E quanto à lentidão da criação da Comissão, comparada a outros países da América Latina, é bom que fique claro que em tais países o estabelecimento de suas Comissões da Verdade não foi um processo fácil. No caso da Argentina, por exemplo, desde o governo de Raúl Alfonsín, houve vários avanços e recuos. Mas o Brasil fica bem atrás de seus vizinhos quando se trata de punir autoridades responsáveis por torturas e assassinatos. O Brasil, embora uma potência emergente da América Latina e a quarta maior democracia do mundo, ainda fica atrás no processo de autoridades que cometeram crimes de lesa-humanidade. Enquanto países como Argentina, Uruguai e Chile aplicaram penas pesadas a militares que cometeram crimes, e até revogaram leis de anistia, o STF (Supremo Tribunal Federal) prolonga a Lei de Anistia de 1979 que, por sua vez, vai de encontro a tratados internacionais assinados pelo próprio Brasil.

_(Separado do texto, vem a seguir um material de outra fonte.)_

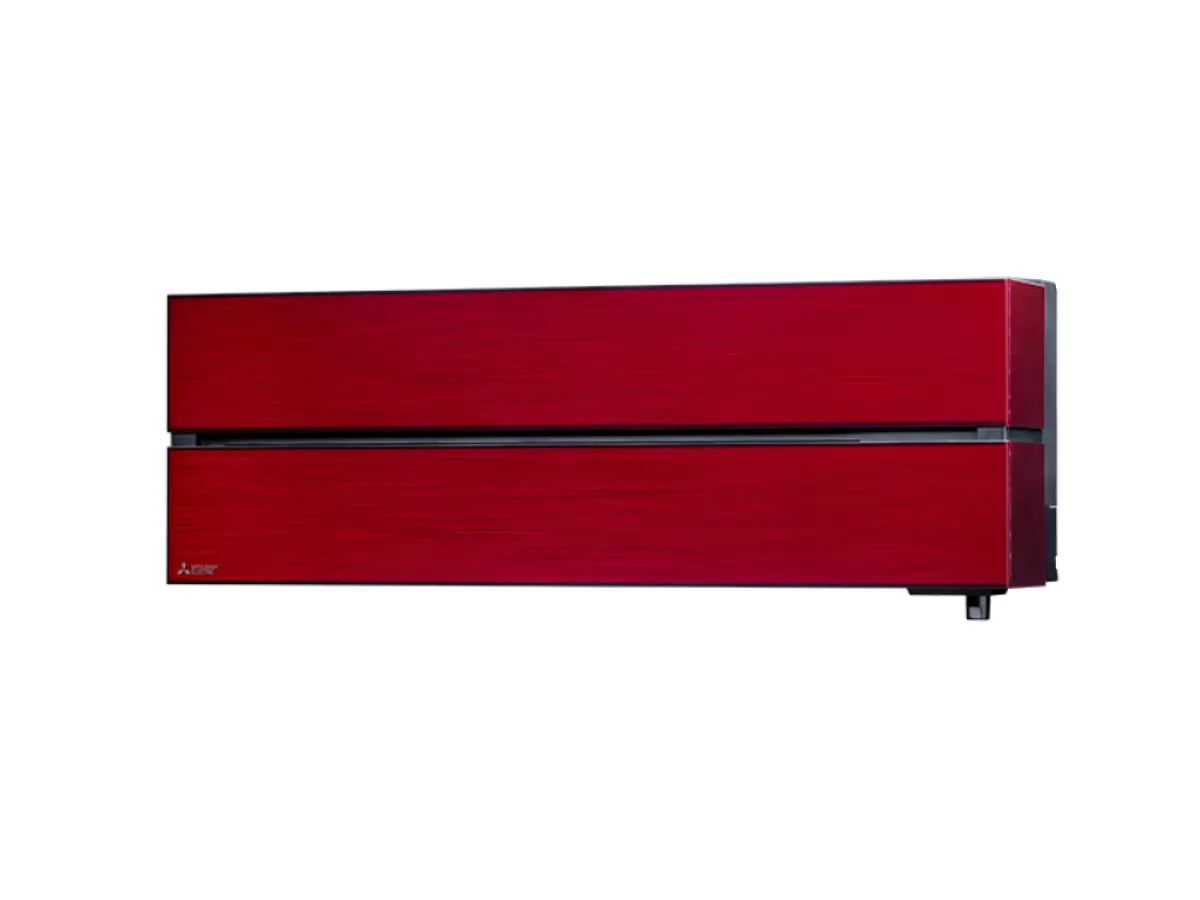 Poza bloc interior Mitsubishi Electric MSZ-LN 50VGR-ER1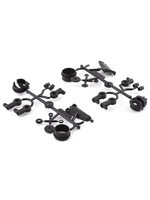 Pro-Line Pro Line Replacement Plastic Parts for PowerStroke 6359-00 & 6359-01 PRO635903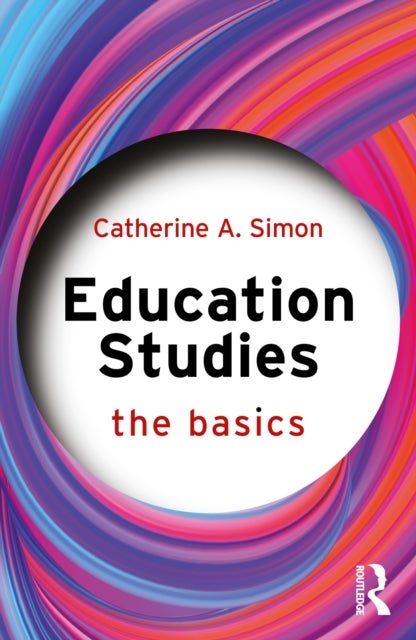 Education Studies - The Basics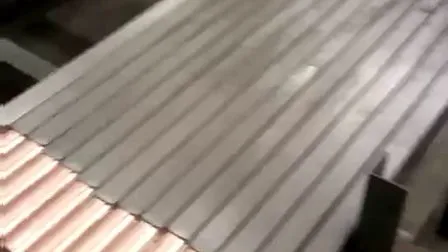 316L Stainless Steel Clad Copper for Wet Metallurgy/ Steel Copper Clad Bar Electroplating 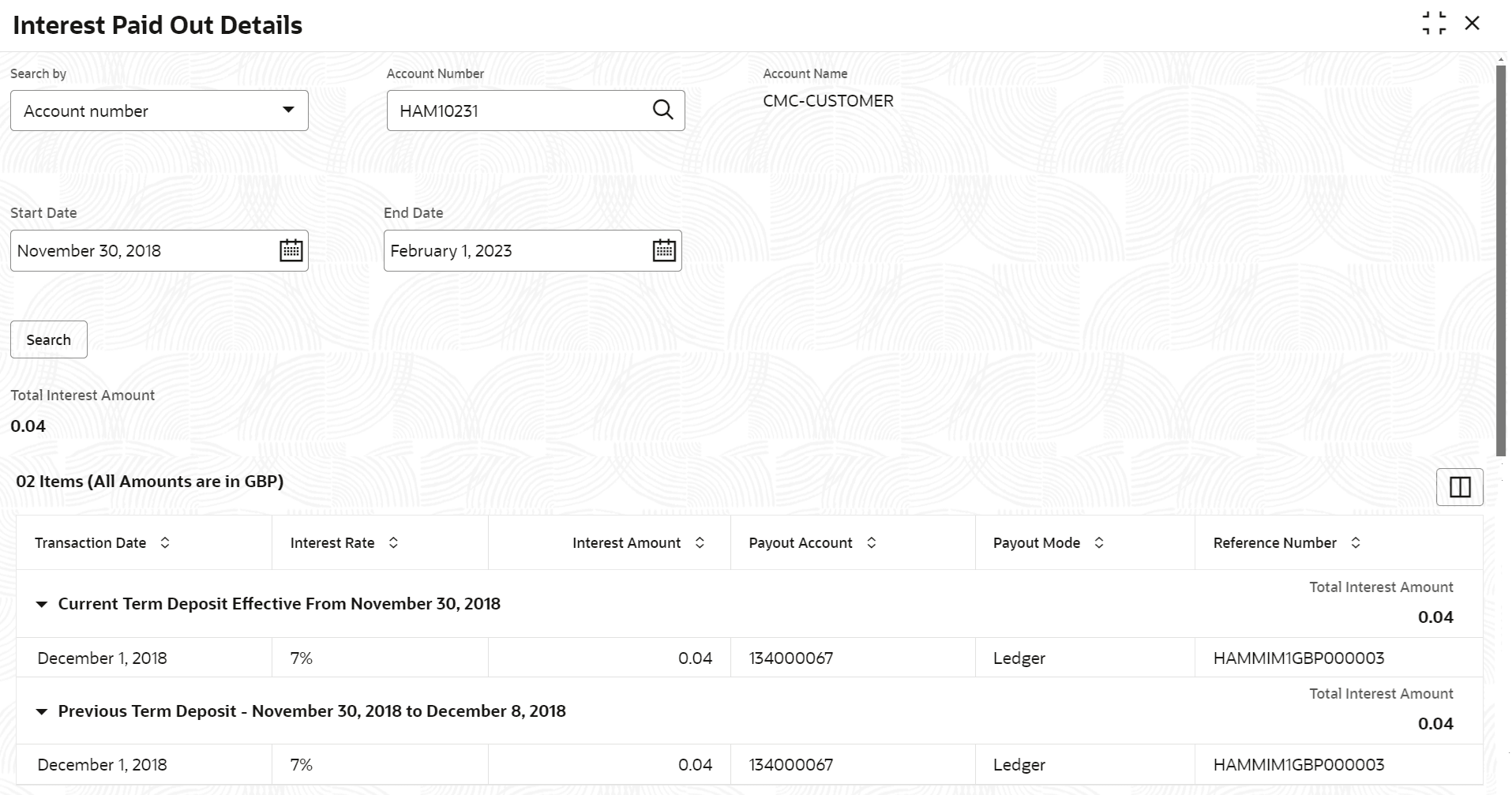 Description of Figure 1-67 follows Description of Figure 1-67 follows
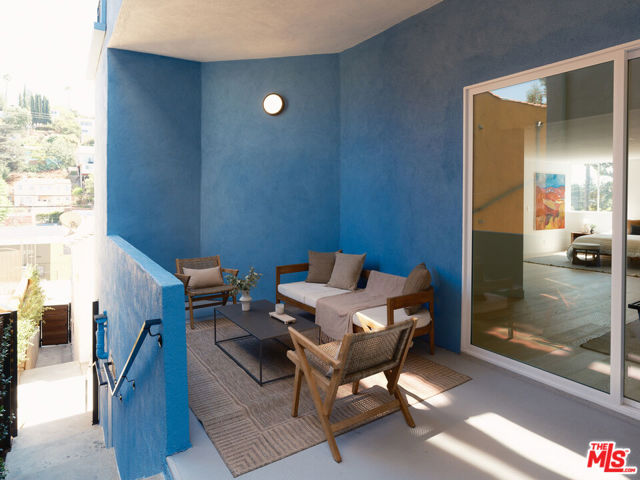 MLS #25618367 image #35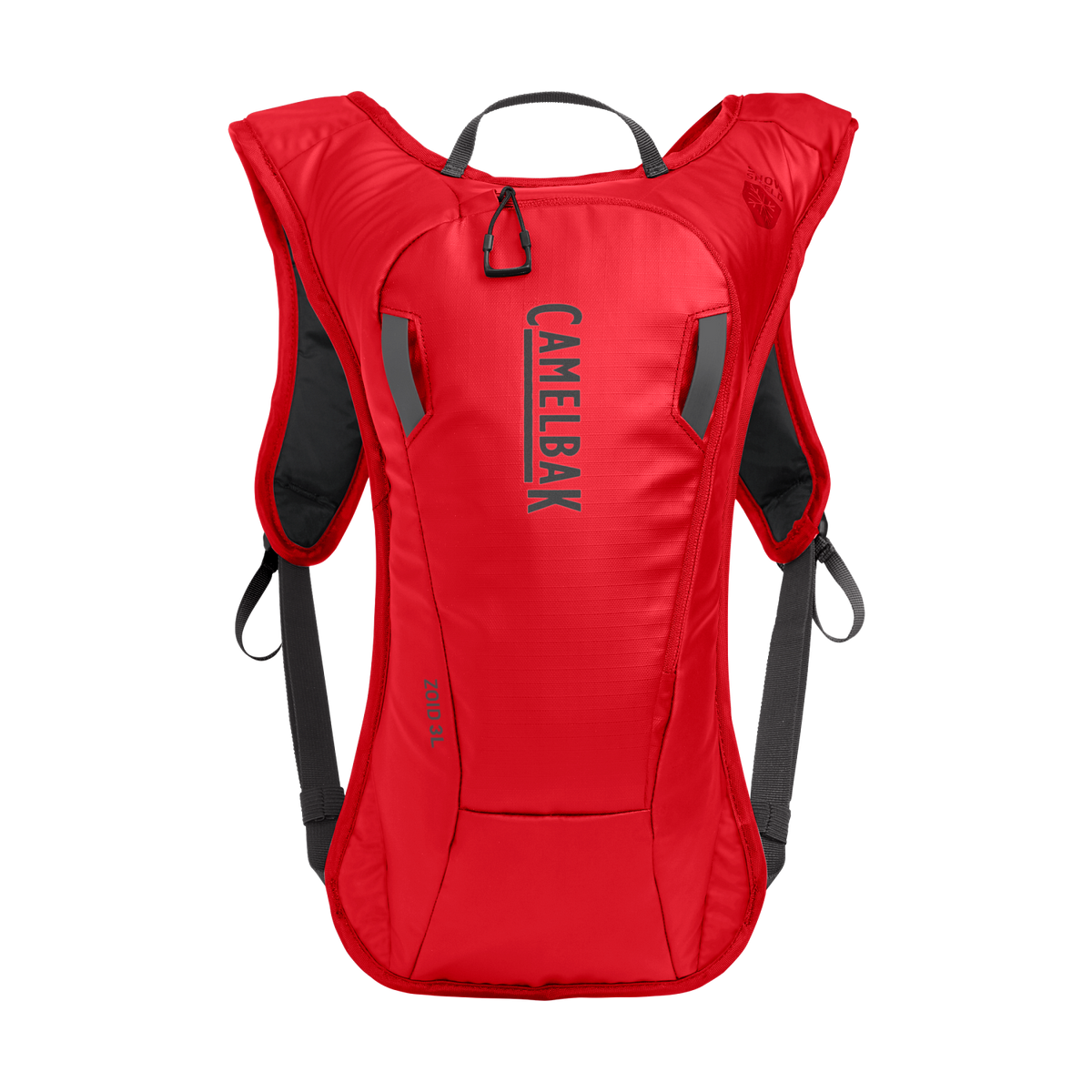 zoidtm-hydration-pack-y4 chzlnnjgeh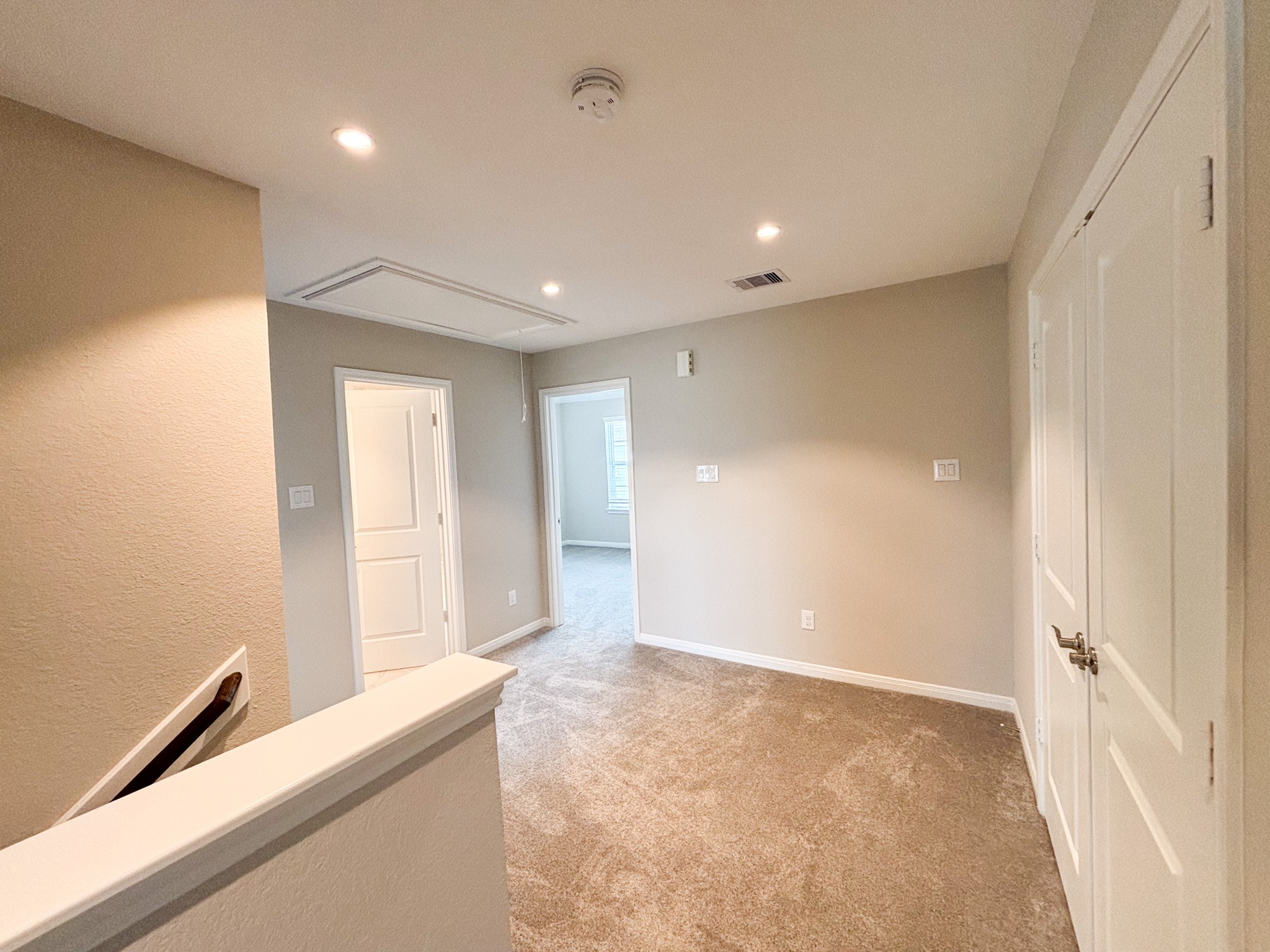 19310 Chickory Valley Drive Property Photo 24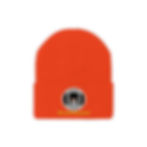 Thumbnail: The Avid Assistant Knit Beanie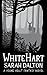 White Hart by Sarah Dalton
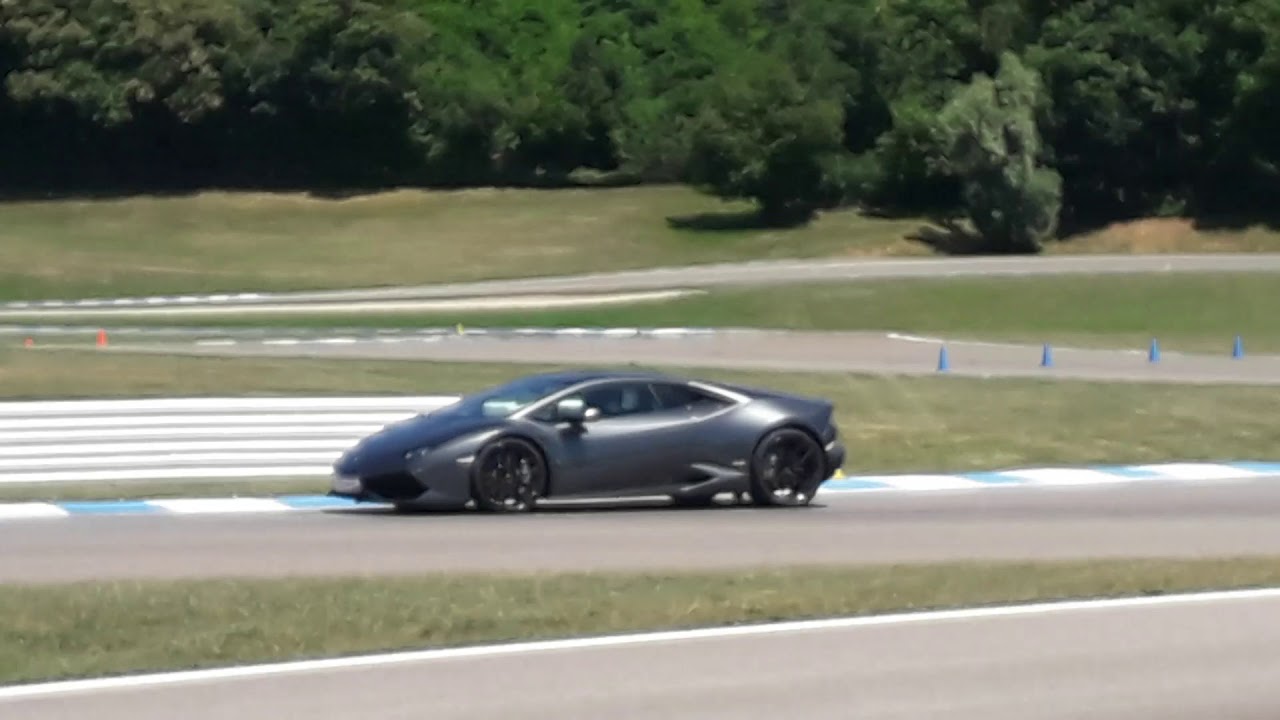 VOITURE DE LUXE LAMBORGHINI FERRARI MCLAREN PORSCHE - YouTube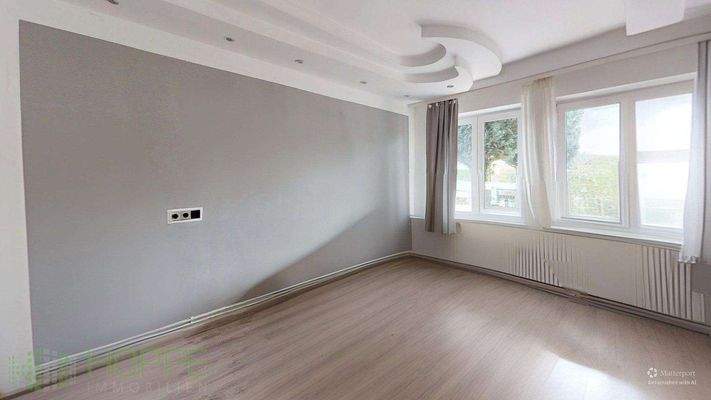 Schlafzimmer 3 Bild 1_defurnished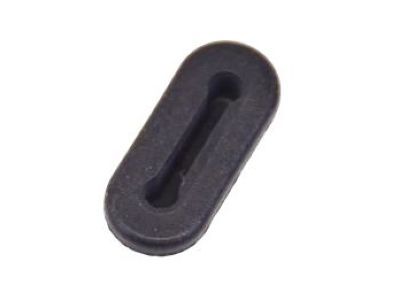 Jeep 4762121 PLUG Brake Adjusting Hole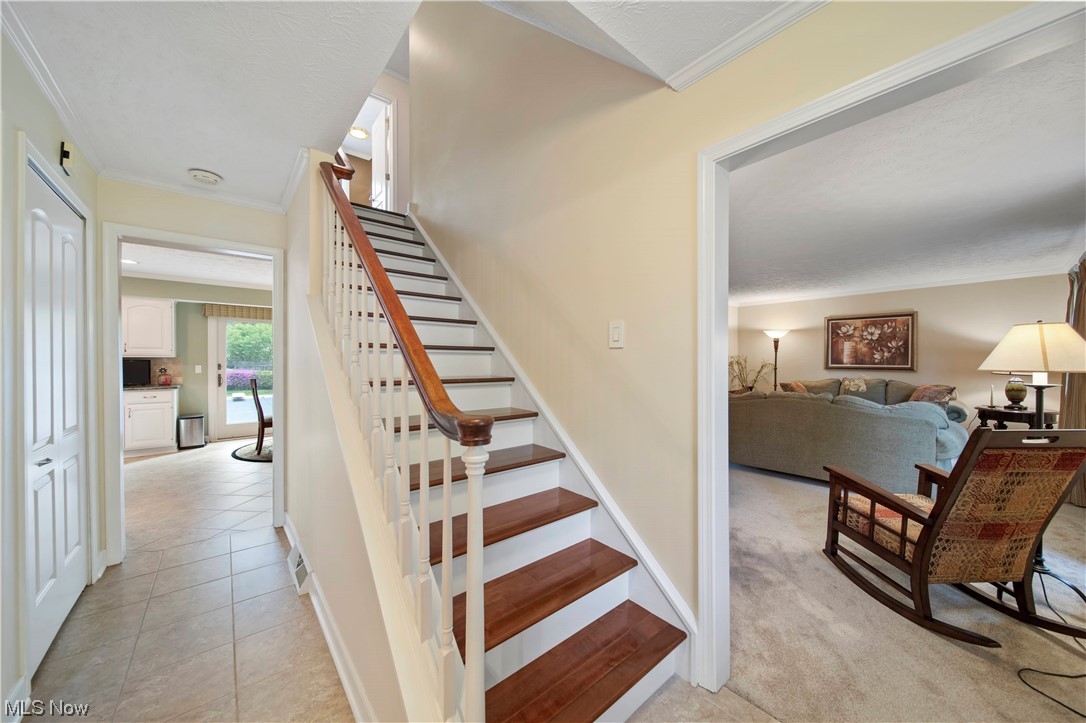 Cherry Hill Sub - Residential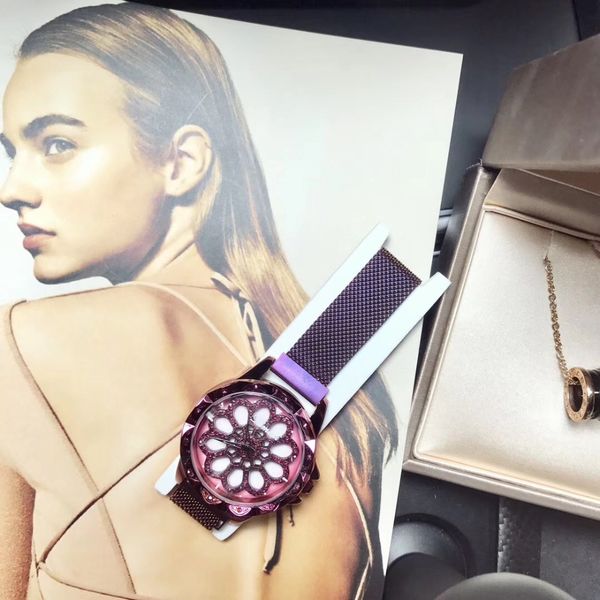 

воемде воем  о емде дев, Slivery;brown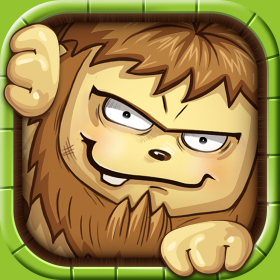 couverture jeu vidéo Popping Rush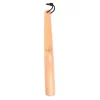 Le Chameau Chausse-Pied Shoe Horn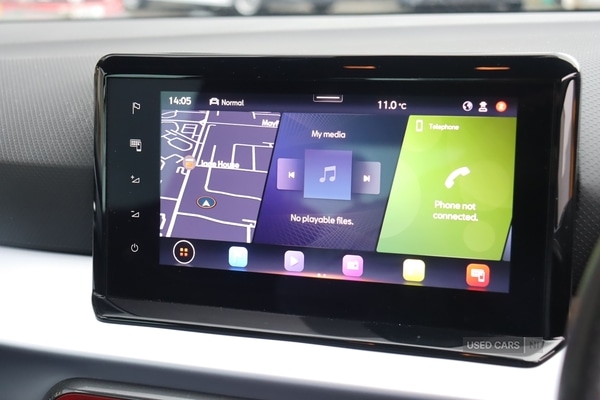 Used SEAT Arona 2023 for sale - 76337999: Photo 32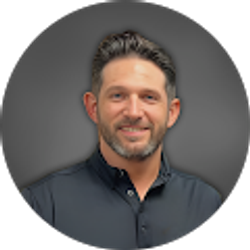 Profile photo of Brad Erwin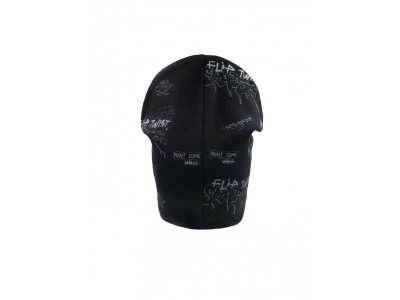 Шапка Palloncino 1-00474576_2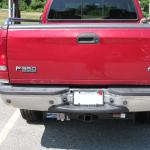 CURT_15000_2012-08-02-690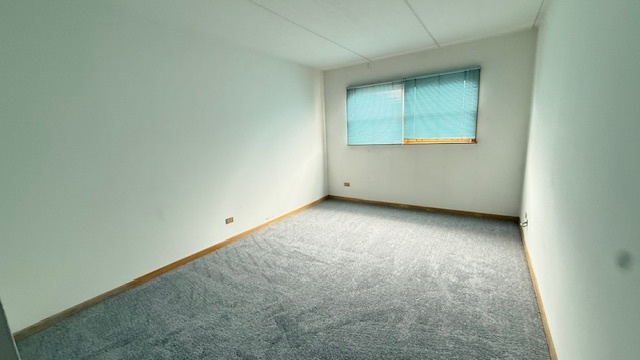 4420 W 111th Street #104, Oak Lawn, IL 60453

É uma contradição que deve ser resolvida com o auxílio das instituições competentes que tenham poder punitivo, uma vez que, ao fim dos trabalhos da Comissão da Verdade aqui no Brasil, teremos que ter, de acordo com os resultados obtidos, um extenso debate quanto à Lei de Anistia e sua validade, podendo haver novas votações no Congresso, ou, se for o caso, um referendo sobre a validade da lei, ou ainda, o simples respeito da Constituição Federal Brasileira aos tratados internacionais.
30/05/2012 Gustavo Bastos, filósofo e escritor.